Gather, from the data below, each line in which the word "Shirt" occurs.

===

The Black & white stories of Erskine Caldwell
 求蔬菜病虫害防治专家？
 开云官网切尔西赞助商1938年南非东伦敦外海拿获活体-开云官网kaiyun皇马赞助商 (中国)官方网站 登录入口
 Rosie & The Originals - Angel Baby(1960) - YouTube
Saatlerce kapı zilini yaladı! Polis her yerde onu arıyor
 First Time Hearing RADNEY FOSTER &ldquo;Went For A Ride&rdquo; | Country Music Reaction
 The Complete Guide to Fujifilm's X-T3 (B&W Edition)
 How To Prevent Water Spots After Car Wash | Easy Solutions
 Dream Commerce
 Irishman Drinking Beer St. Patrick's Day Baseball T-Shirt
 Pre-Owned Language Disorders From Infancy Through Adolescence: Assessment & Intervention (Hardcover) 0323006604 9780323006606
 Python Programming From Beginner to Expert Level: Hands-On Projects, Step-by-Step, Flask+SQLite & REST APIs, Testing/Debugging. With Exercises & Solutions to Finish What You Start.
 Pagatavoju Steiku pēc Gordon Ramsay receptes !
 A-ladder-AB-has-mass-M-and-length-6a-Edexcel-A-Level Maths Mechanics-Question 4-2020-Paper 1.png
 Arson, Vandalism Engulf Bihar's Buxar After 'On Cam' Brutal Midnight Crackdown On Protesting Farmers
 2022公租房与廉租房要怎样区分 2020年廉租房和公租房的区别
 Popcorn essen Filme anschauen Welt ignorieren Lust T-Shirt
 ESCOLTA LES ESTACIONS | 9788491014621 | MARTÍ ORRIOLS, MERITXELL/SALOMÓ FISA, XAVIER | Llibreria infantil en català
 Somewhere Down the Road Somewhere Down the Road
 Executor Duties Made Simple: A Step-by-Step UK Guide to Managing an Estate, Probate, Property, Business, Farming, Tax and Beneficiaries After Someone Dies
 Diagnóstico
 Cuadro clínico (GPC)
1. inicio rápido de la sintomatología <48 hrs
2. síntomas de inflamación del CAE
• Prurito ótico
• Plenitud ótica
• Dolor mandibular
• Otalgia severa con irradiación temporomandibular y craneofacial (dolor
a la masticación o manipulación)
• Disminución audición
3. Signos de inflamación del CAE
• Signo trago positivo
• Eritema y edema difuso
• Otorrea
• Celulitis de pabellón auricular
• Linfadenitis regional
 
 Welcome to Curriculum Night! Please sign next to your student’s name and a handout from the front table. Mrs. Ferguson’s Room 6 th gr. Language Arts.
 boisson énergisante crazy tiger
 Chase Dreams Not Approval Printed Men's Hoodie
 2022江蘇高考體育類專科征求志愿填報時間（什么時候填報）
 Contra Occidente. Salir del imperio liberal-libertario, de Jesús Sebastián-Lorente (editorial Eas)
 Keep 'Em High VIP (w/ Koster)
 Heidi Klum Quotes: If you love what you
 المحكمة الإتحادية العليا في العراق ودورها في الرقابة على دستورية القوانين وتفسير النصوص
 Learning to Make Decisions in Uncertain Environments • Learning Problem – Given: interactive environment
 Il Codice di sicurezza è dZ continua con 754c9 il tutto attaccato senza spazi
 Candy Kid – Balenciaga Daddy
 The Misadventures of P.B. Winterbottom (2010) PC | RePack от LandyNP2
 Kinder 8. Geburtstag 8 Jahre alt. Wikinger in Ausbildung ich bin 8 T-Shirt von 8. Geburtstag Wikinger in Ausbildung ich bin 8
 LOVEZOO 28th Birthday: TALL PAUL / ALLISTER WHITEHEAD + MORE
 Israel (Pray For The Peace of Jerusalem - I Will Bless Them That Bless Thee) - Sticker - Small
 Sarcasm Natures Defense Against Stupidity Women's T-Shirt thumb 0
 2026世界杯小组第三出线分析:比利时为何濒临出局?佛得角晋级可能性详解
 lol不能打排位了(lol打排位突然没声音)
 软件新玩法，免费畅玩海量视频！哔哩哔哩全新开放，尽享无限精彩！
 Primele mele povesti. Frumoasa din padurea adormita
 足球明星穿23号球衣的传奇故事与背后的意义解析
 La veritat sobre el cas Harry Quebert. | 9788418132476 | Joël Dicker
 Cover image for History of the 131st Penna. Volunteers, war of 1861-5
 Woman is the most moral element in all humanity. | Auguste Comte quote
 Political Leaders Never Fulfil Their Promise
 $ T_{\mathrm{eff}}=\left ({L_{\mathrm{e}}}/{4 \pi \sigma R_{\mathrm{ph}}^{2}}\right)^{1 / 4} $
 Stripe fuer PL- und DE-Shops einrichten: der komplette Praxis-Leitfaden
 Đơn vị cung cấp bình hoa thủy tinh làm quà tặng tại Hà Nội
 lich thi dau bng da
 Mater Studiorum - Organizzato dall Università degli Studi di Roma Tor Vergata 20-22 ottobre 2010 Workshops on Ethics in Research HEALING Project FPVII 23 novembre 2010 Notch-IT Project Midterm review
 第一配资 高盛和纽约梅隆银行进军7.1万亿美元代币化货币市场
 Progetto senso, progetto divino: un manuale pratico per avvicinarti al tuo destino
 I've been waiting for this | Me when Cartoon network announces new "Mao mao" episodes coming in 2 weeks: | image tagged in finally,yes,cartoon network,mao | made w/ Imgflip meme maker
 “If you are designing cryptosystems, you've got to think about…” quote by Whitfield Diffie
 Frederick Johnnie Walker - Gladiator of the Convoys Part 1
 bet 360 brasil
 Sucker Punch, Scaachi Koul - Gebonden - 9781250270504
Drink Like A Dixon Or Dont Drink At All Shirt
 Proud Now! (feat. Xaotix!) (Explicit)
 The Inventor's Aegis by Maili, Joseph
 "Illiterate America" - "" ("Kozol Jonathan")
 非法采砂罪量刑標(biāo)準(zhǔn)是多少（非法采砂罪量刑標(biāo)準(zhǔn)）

===

### Reply to the task
 Irishman Drinking Beer St. Patrick's Day Baseball T-Shirt
 Popcorn essen Filme anschauen Welt ignorieren Lust T-Shirt
 Kinder 8. Geburtstag 8 Jahre alt. Wikinger in Ausbildung ich bin 8 T-Shirt von 8. Geburtstag Wikinger in Ausbildung ich bin 8
 Sarcasm Natures Defense Against Stupidity Women's T-Shirt thumb 0
Drink Like A Dixon Or Dont Drink At All Shirt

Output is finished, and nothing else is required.